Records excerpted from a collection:
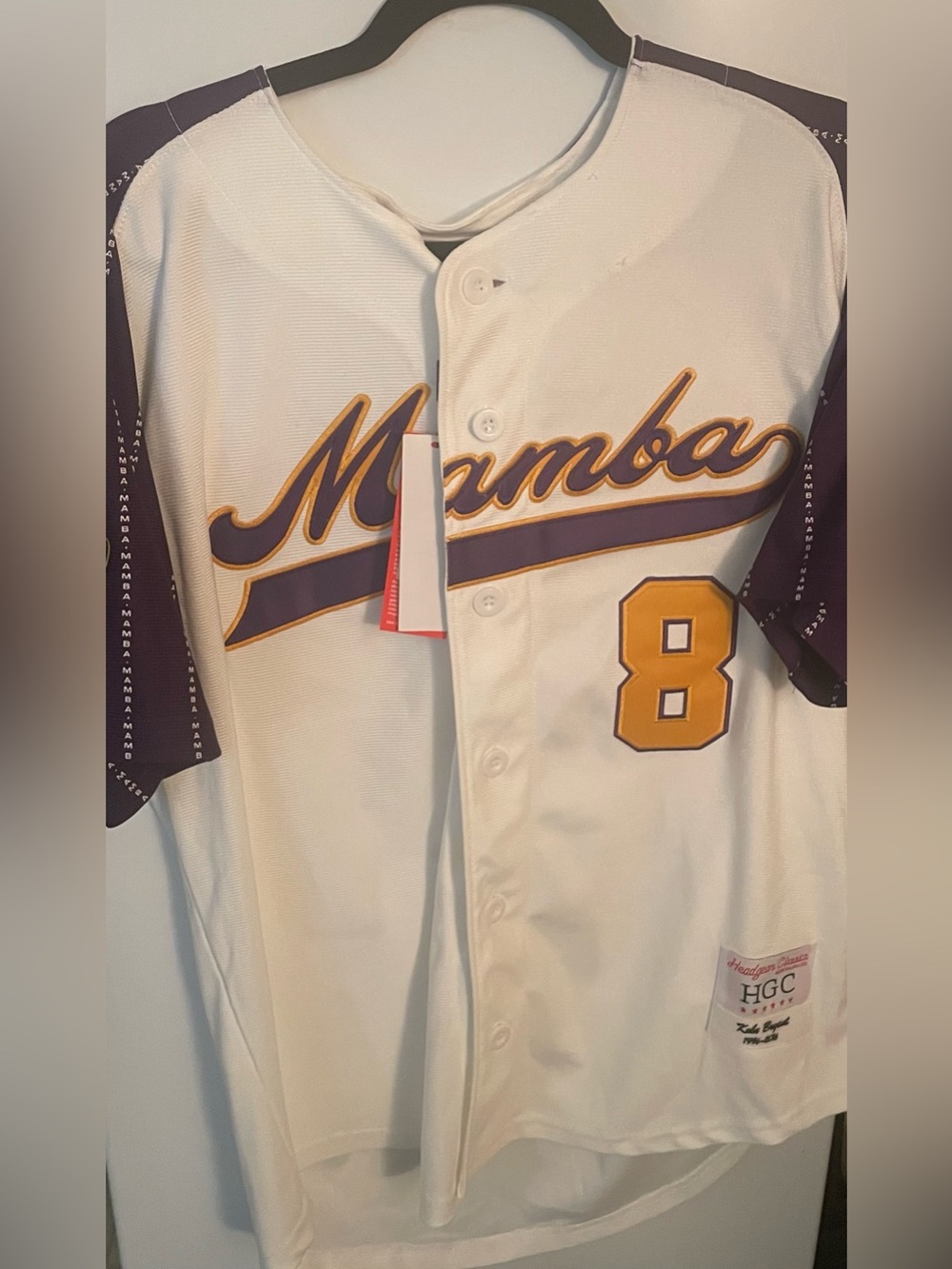 Kobe Bryant Headgear Mamba #8  Button-Down Baseball Jersey Size Medium NWT’s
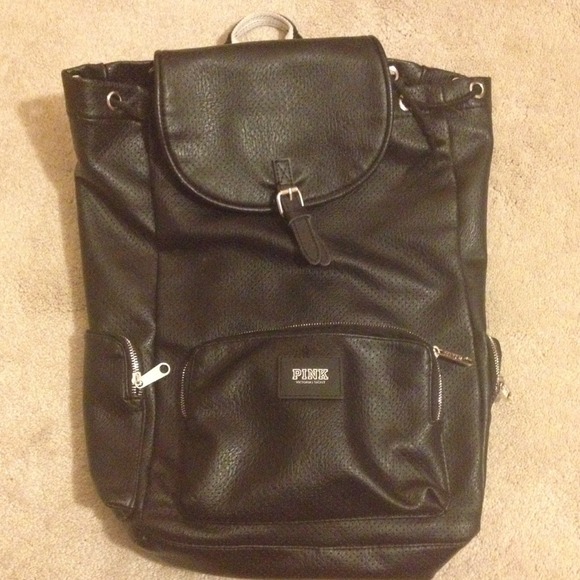 VS Pink - Black Pleather Backpack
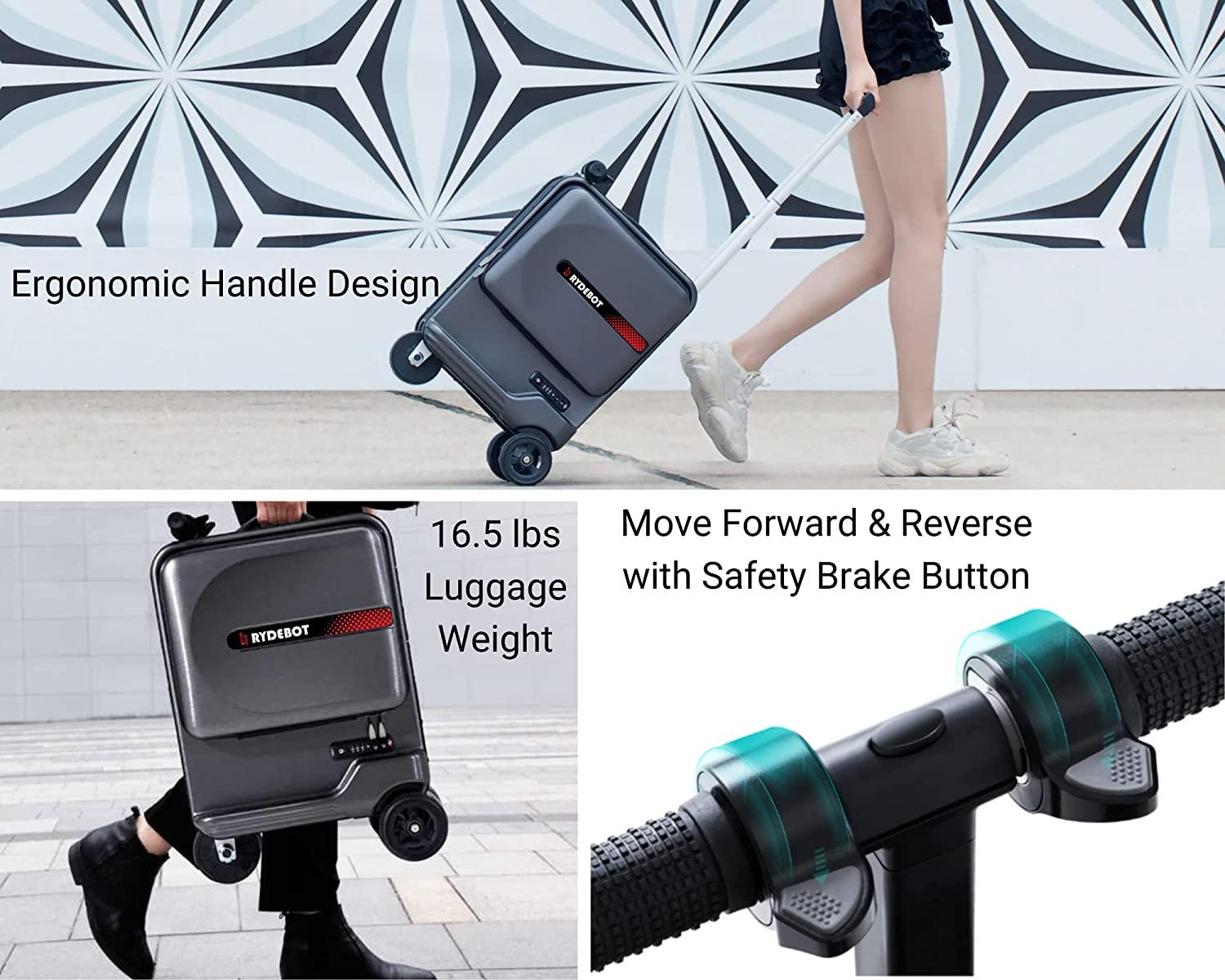 Puledro- Smart Motorized Rideable Carry-on Suitcase/Luggage for Adults/Kids (Black)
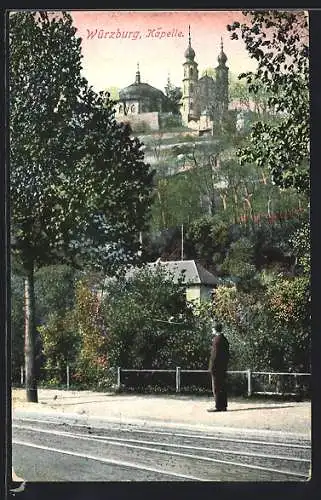 AK Würzburg, Blick von einer Strasse zum Käpelle
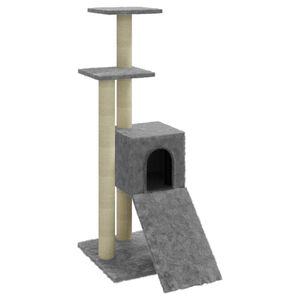 vidaXL &Aacute;rvore p/ gatos c/ postes arranhadores sisal 92 cm cinza-claro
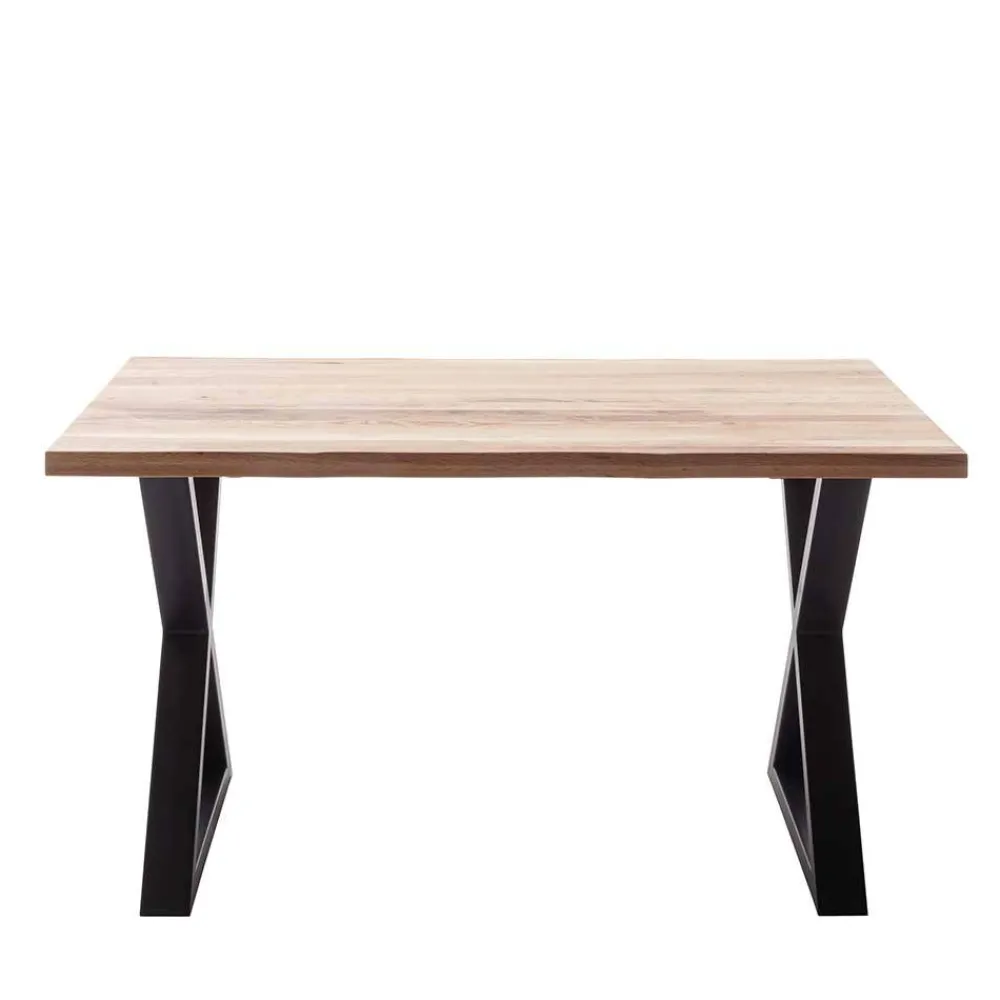 Wohnen Zerreiche Tisch mit Naturkante und X-Füßen - Yelna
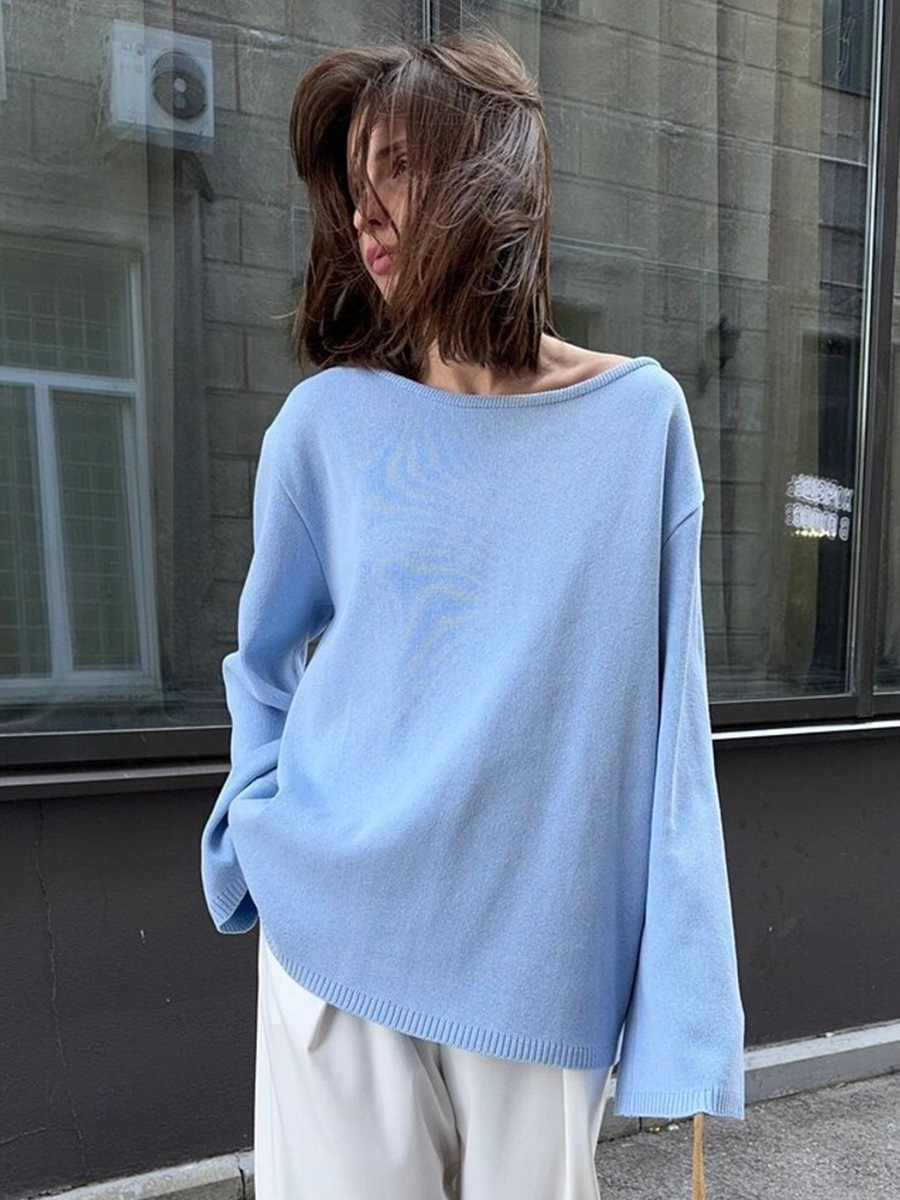 Suéter de punto de algodón puro transfronterizo, estilo europeo y americano, nuevo modelo otoño-invierno 2025, holgado, informal y sexy con espalda descubierta.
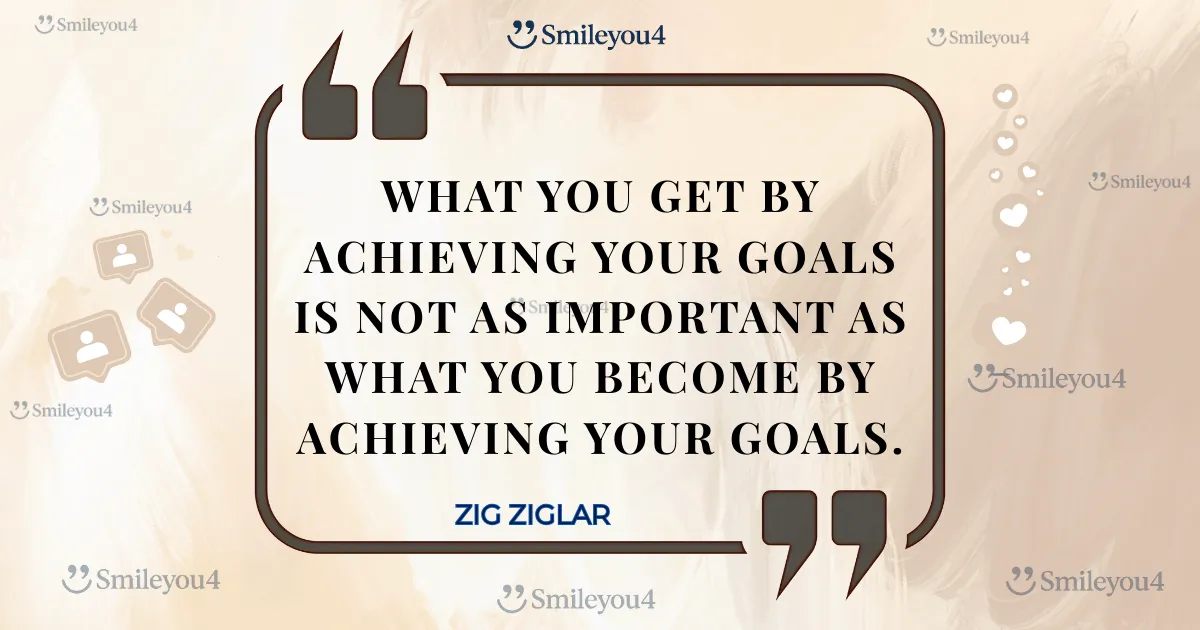 Inspirational quote by Goethe: "What you get by achieving your goals is not as important as what you become by achieving your goals," inside a stylized quote bubble.
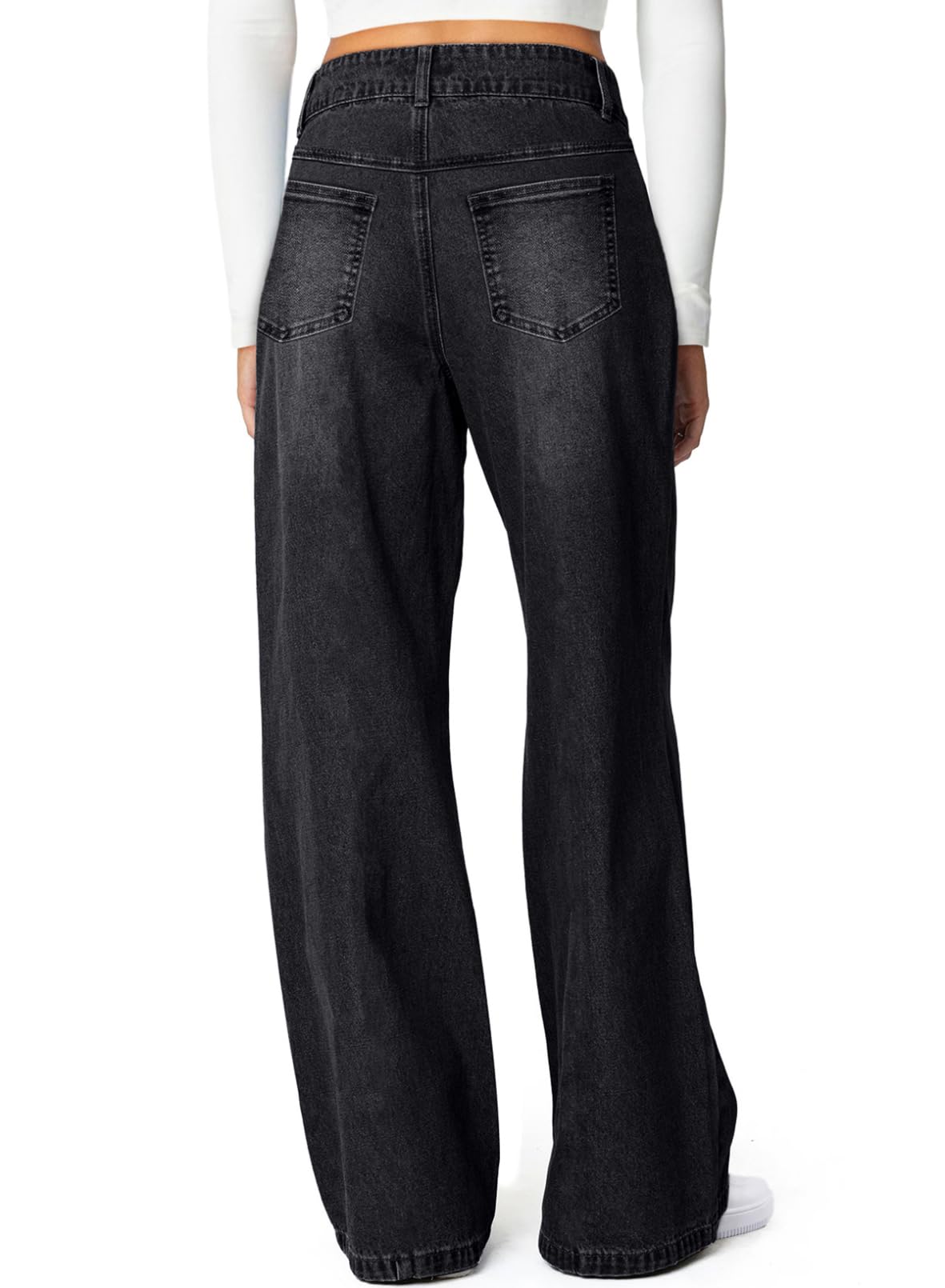 Foto 2 | Jeans De Pierna Ancha Con Tacto Lateral  Cintura Alta  Elásticos  Negros  Para Mujer - Venta Internacional.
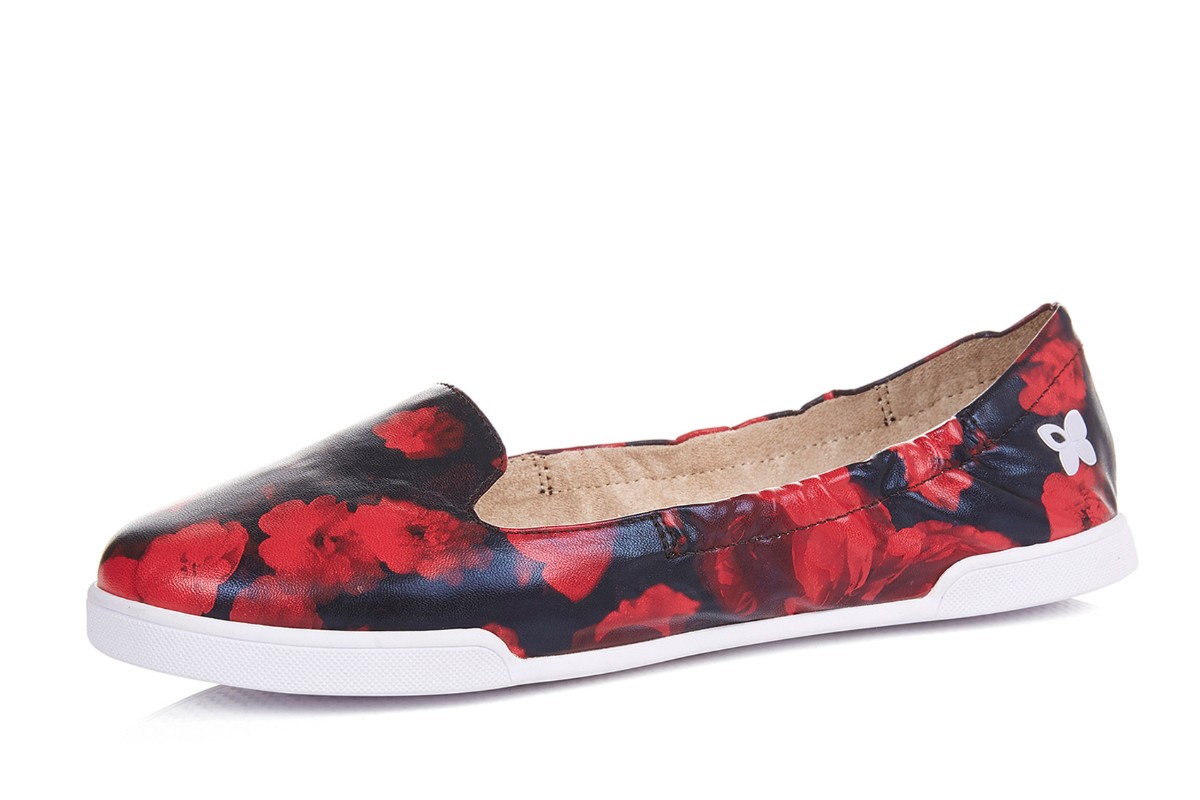 Butterfly Twists Jade Ruby Red Rose Print Floral Ballet Shoes
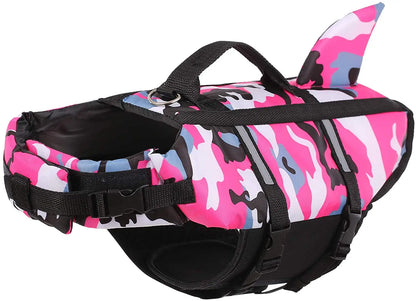 Gilet de sauvetage chien camouflage rose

#### Problem to solve
Repeat exactly the lines above, from the line that contains "Puledro- Smart Motorized" down through the line that contains "Suéter de punto". Include both of those lines and none of the pictures.

#### Exercise response
 Puledro- Smart Motorized Rideable Carry-on Suitcase/Luggage for Adults/Kids (Black)
 AK Würzburg, Blick von einer Strasse zum Käpelle
 vidaXL &Aacute;rvore p/ gatos c/ postes arranhadores sisal 92 cm cinza-claro
 Wohnen Zerreiche Tisch mit Naturkante und X-Füßen - Yelna
 Suéter de punto de algodón puro transfronterizo, estilo europeo y americano, nuevo modelo otoño-invierno 2025, holgado, informal y sexy con espalda descubierta.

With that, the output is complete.